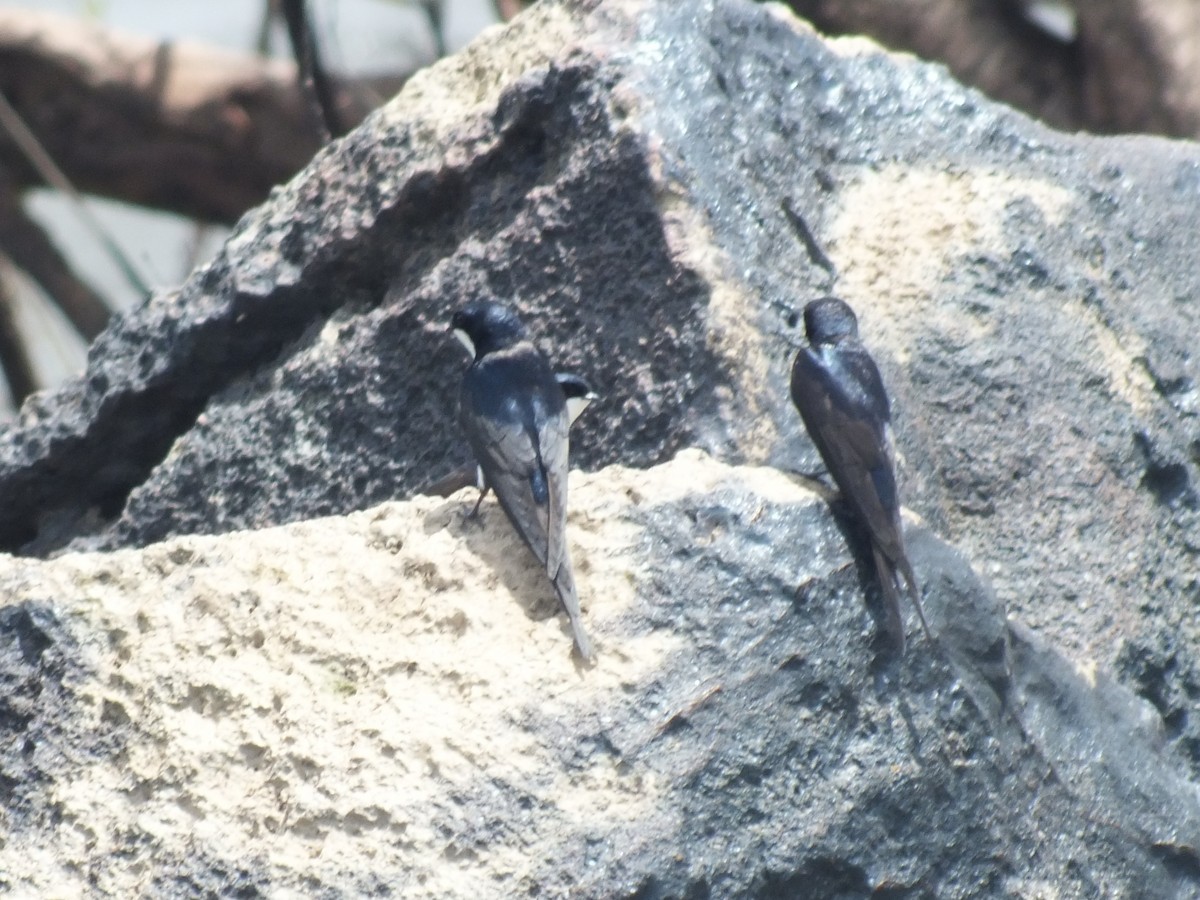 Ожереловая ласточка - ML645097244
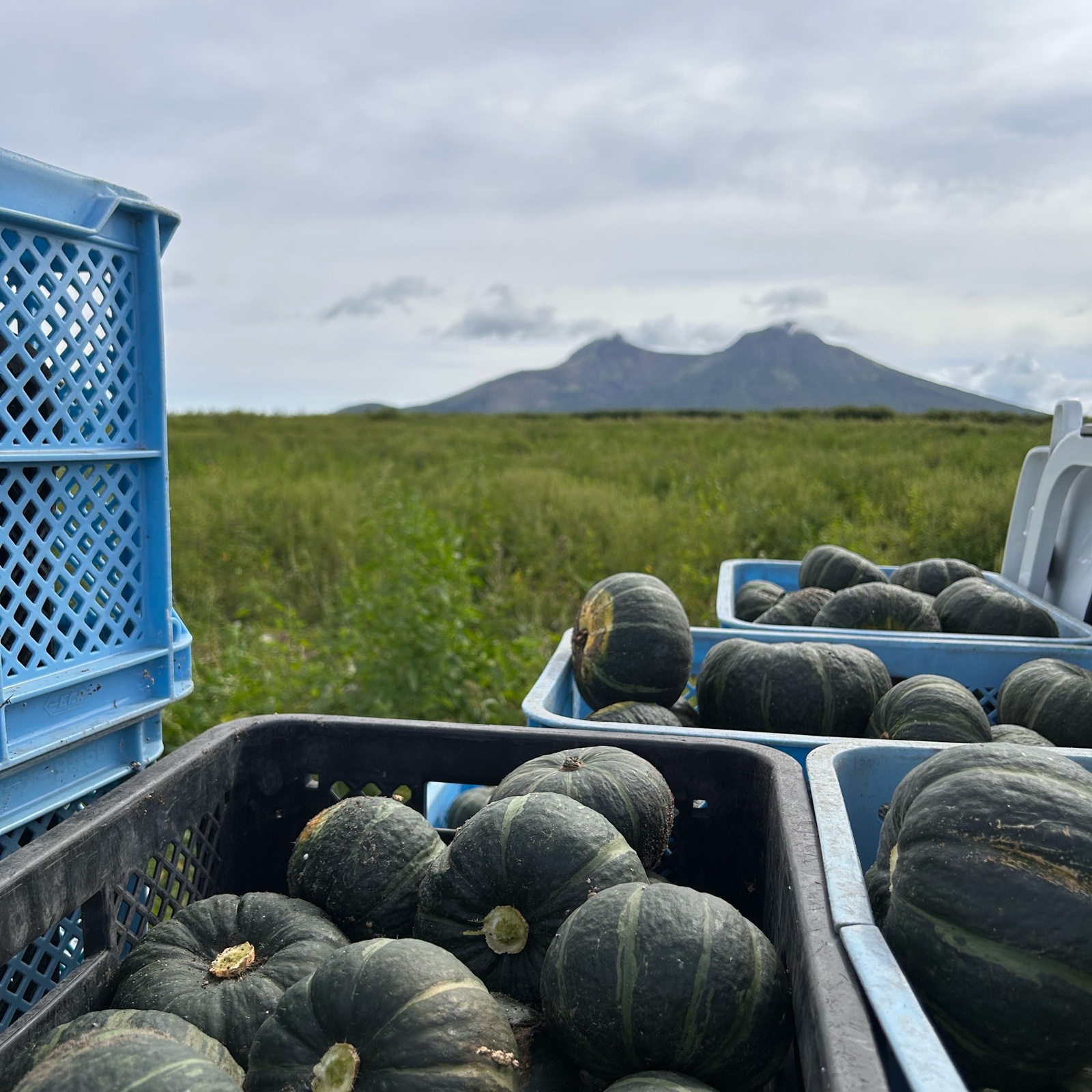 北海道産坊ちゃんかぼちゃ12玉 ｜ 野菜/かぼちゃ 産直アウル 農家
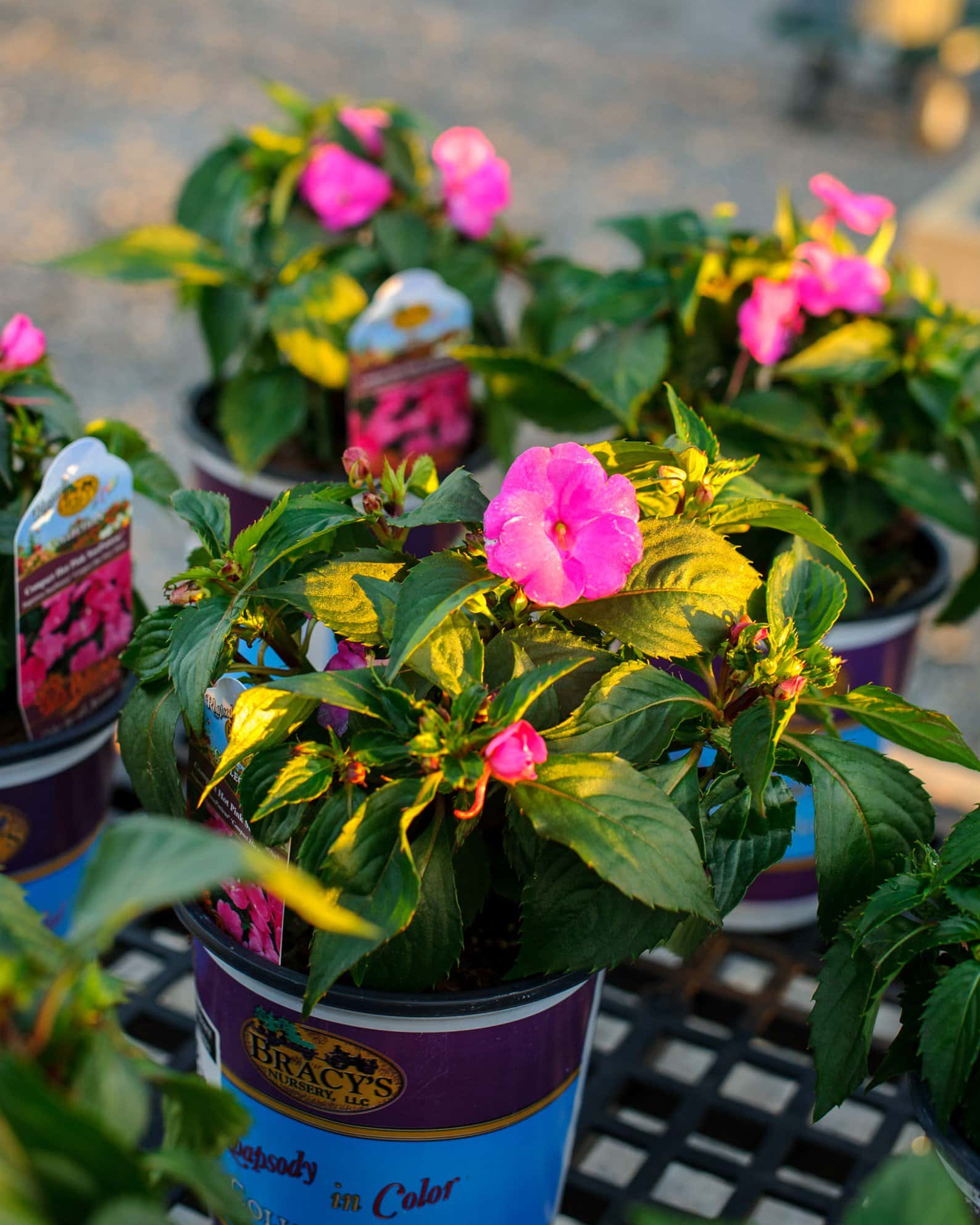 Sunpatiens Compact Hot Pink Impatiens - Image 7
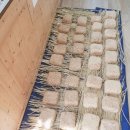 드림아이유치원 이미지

+===+

• WORK INSTRUCTION: Please write the data out again exactly, but do not carry over the pictures.

• RESULT OF THIS EXERCISE:
 Ожереловая ласточка - ML645097244
 北海道産坊ちゃんかぼちゃ12玉 ｜ 野菜/かぼちゃ 産直アウル 農家
 Sunpatiens Compact Hot Pink Impatiens - Image 7
 드림아이유치원 이미지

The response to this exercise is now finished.